[Aim of the task]
Your copy should hold only the lines from the one with "Adult Small Adidas Sweatpants" to the one with "Body Language Analyst", both included, each exactly as it stands below, with no pictures.

[Extracted entries]
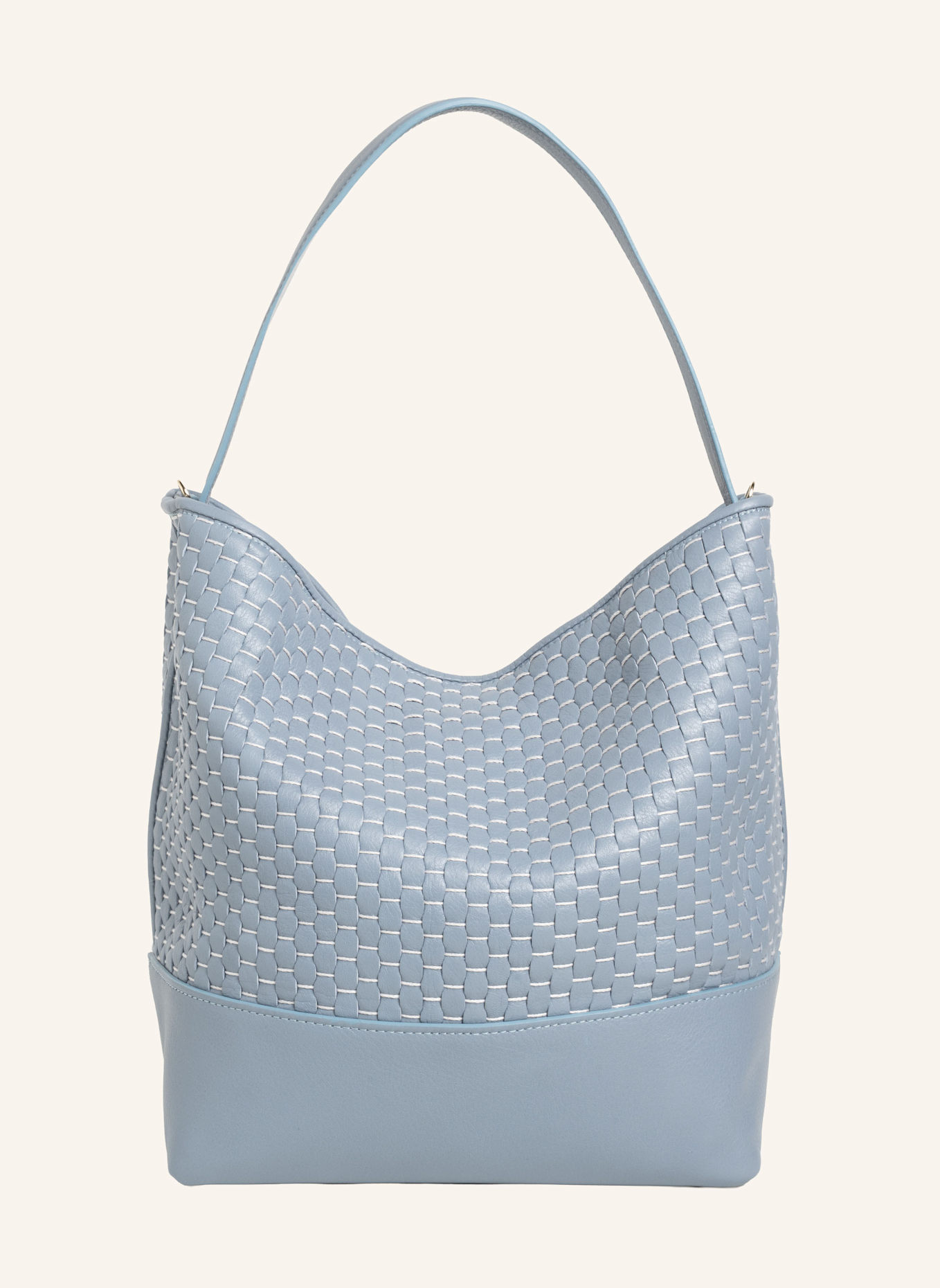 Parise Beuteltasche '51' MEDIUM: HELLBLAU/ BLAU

---

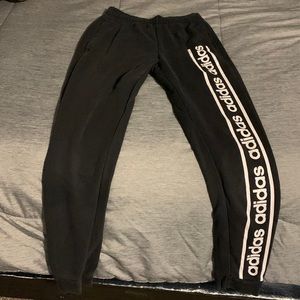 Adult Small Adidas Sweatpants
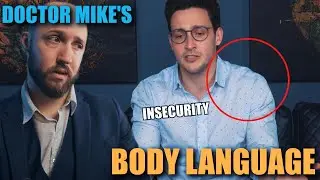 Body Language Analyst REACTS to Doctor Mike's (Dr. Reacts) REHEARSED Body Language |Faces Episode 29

[Answer box]
 Adult Small Adidas Sweatpants
 Body Language Analyst REACTS to Doctor Mike's (Dr. Reacts) REHEARSED Body Language |Faces Episode 29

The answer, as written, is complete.